In the inference server space, vLLM and SGLang continue their arms race. Recent 7-GPU mixed Blackwell and Ada benchmarks show vLLM winning on long-context prefill, while SGLang matches it on pure Blackwell setups but crashes when mixing GPU architectures. If you're building a mixed-generation GPU inference rig, vLLM is the safer bet.

And now the hardware. Let's talk numbers.

RTX 5090 street pricing is settling between thirty-six hundred and forty-one hundred dollars, with stock now consistently available at Best Buy and Walmart. The MSI Suprim Liquid SOC is thirty-eight hundred, the ASUS ROG Astral is thirty-nine hundred. Availability is better than launch, but premium AIB cards still command a markup.

The RTX PRO 6000 Blackwell with 96 gigs of GDDR7 is now shipping through PNY and European resellers at roughly ten and a half to eleven thousand dollars.
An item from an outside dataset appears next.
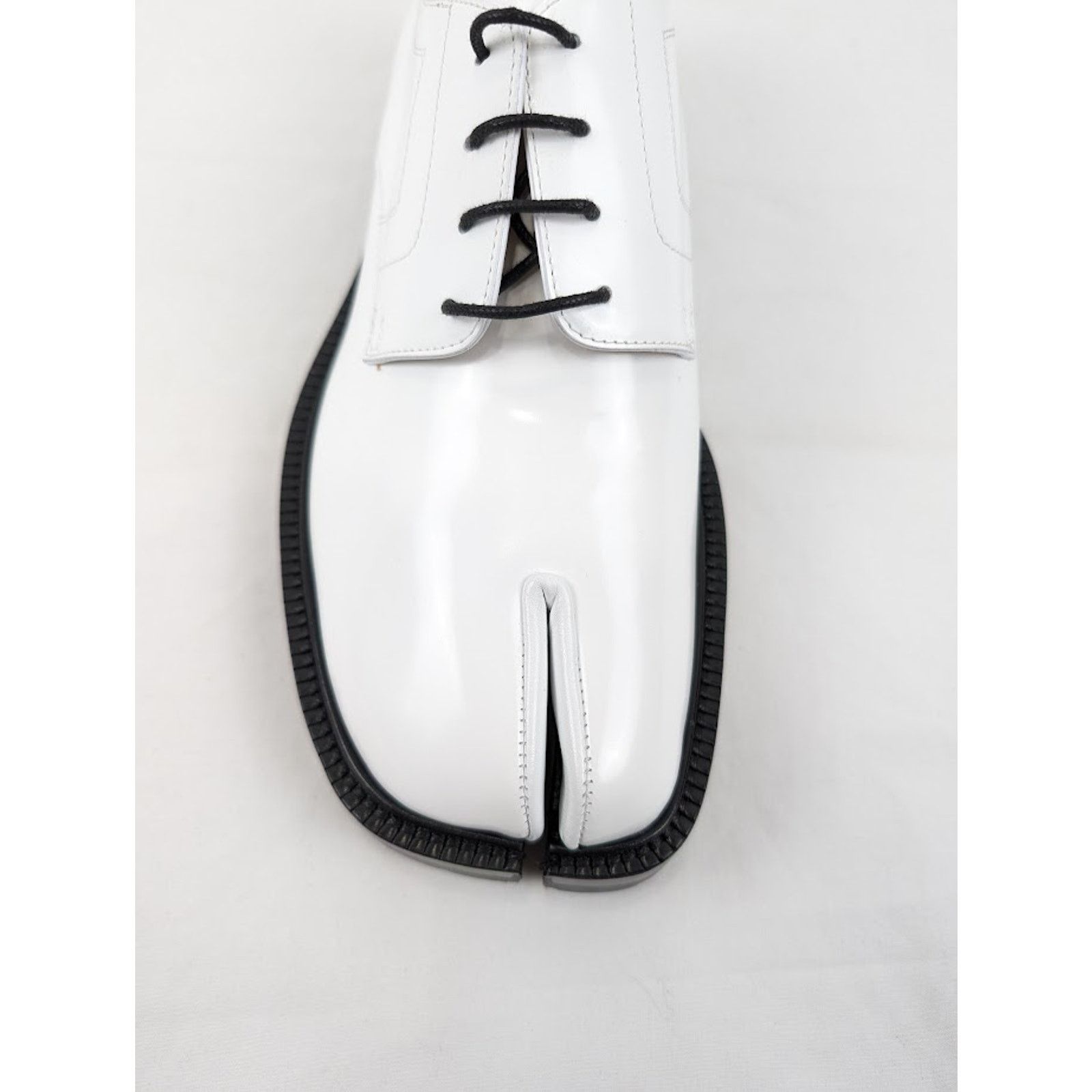 Maison Margiela o1rshd1 Laced Tabi Loafers in White Size US 11 / EU 44 - 6 Thumbnail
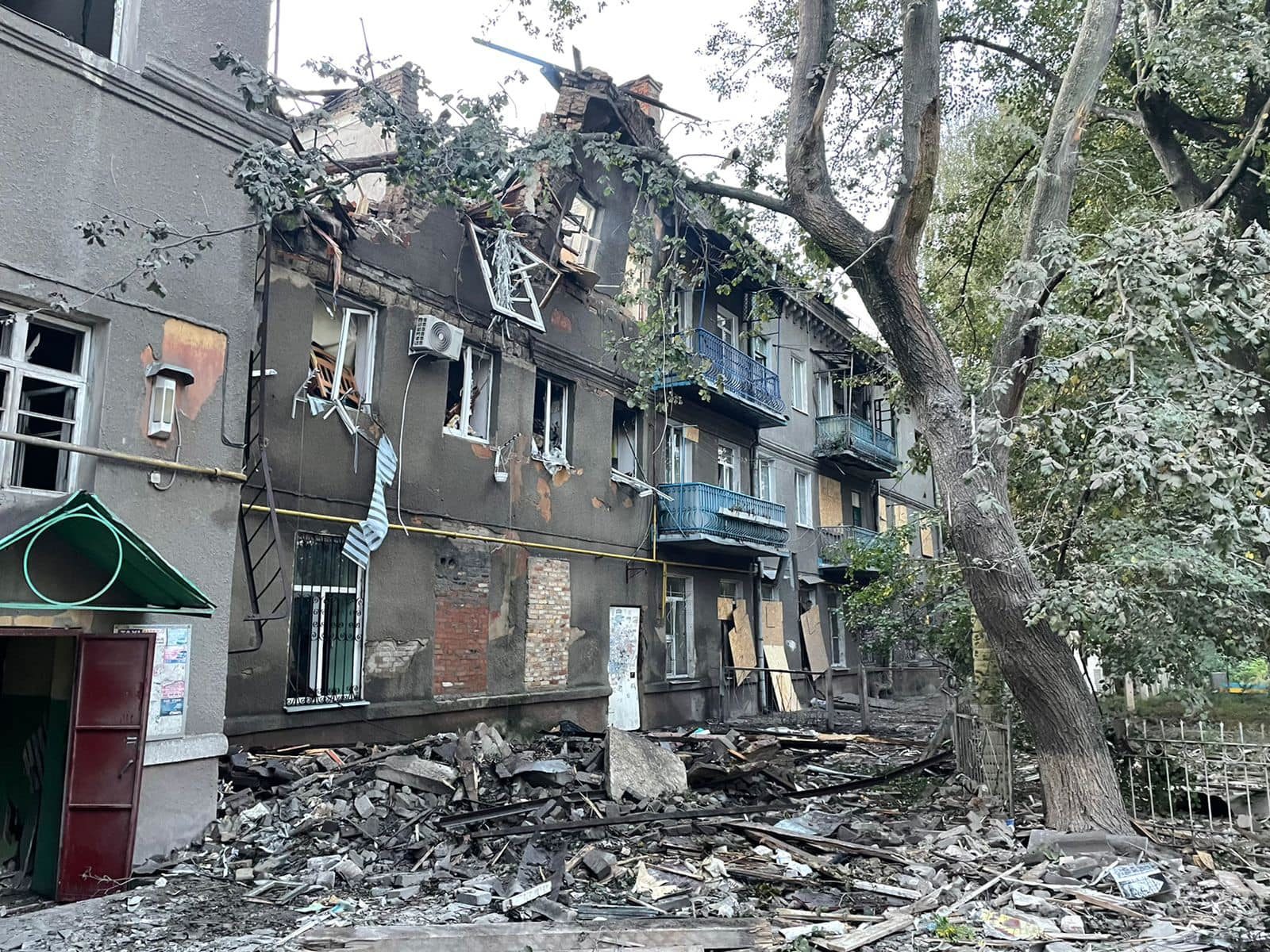 Оккупанты разрушили жилую трехэтажку в Славянске: ранен один житель 1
That's the workstation card to watch for large model inference if you need more than 32 gigs of VRAM in a single slot.

On the value side, Ahmad Osman posted what might be the best reminder of the week: two used RTX 3090s at 700 to 900 dollars each — that's under two grand for 48 gigs of VRAM — paired with Qwen 3.6 27B and a self-hosted SearXNG gives you what he calls "Opus 4.5 at home." He's not wrong. Used 3090s remain the price-to-performance king for local AI.
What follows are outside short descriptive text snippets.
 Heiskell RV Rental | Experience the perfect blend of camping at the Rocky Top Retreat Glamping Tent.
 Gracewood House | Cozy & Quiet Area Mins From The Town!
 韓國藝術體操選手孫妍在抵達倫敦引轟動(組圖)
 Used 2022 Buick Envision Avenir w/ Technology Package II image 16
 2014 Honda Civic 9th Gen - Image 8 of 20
Used 4090s are running fourteen to eighteen hundred, making them compelling for efficiency but harder to stack in multi-GPU builds on a budget.

Mac Studio M3 Ultra with up to 256 gigs of unified memory is shipping but still lacks public MLX inference benchmarks. Extrapolating from M3 Max numbers, we're probably looking at sixty to ninety-plus tokens per second on 70B-class 4-bit models, with massive context windows thanks to that unified pool.
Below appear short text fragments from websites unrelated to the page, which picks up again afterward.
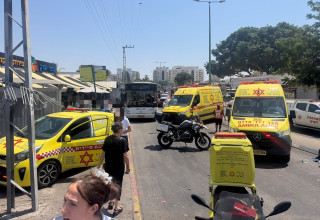 זירת תאונת הדרכים הקשה באשקלון  (צילום: דוברות מד"א)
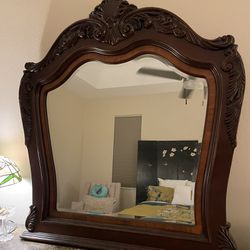 Beautiful large ornate dresser mirror 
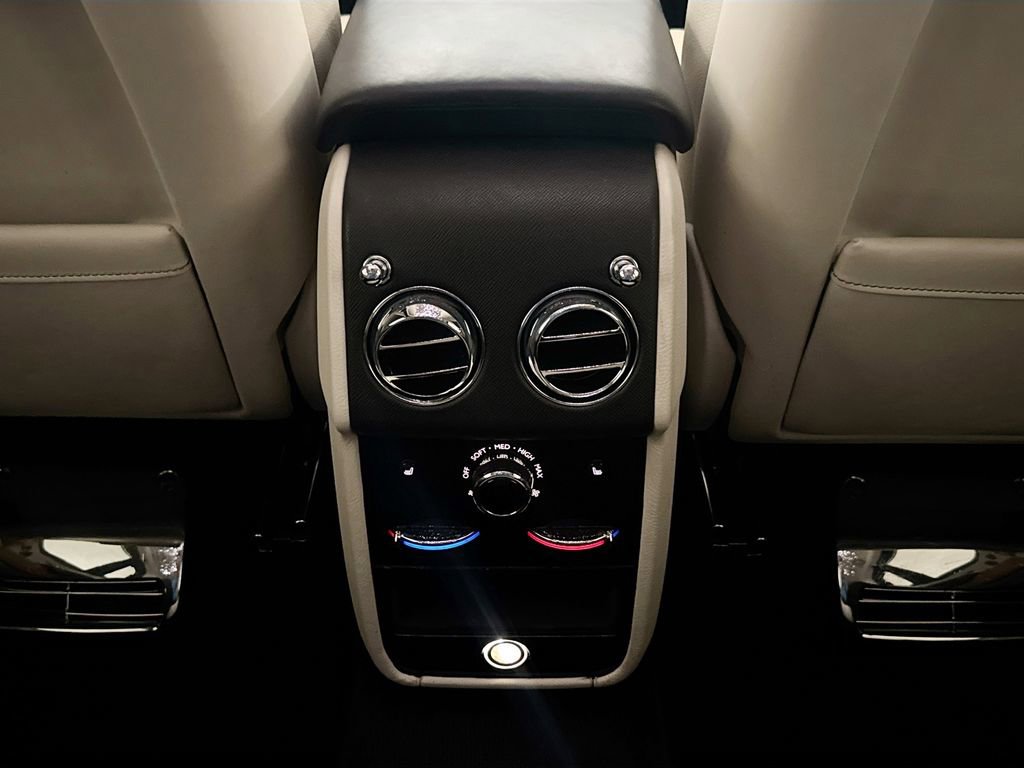 Used 2020 Rolls-Royce Cullinan AWD/4WD image 27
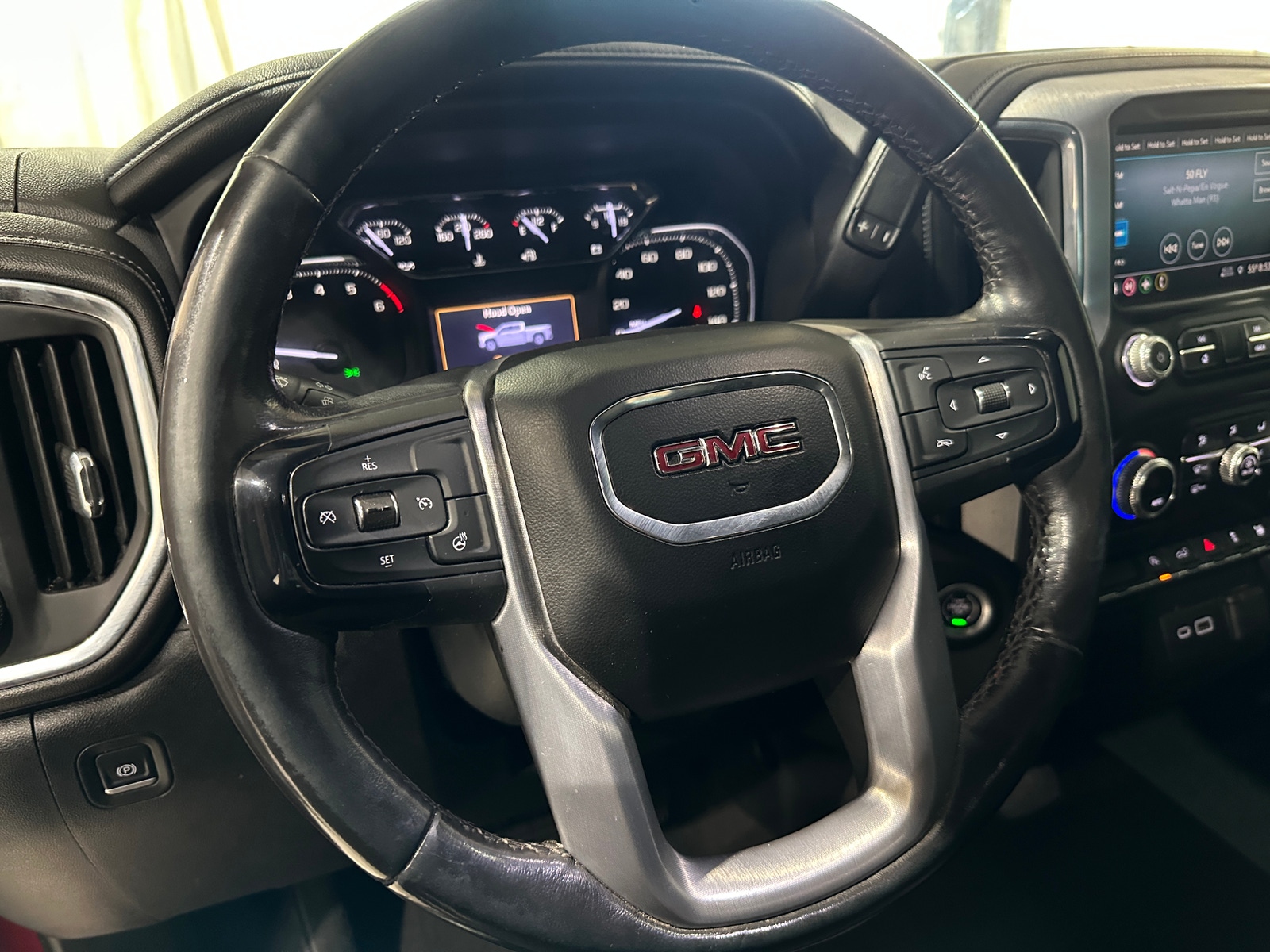 Thumbnail: 2022 GMC Sierra 1500 - 5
A practical note on monetization: Vast.ai reports verified 4090 rigs can earn 700 to over fourteen hundred dollars per month renting idle GPU time. For anyone hesitating on a multi-GPU build, the rental math may close the gap faster than you think.

That's your local AI briefing for May 20. The key takeaway: llama.cpp MTP is here, Mac inference just got unified under MLX, and two used 3090s still beats almost everything else in value.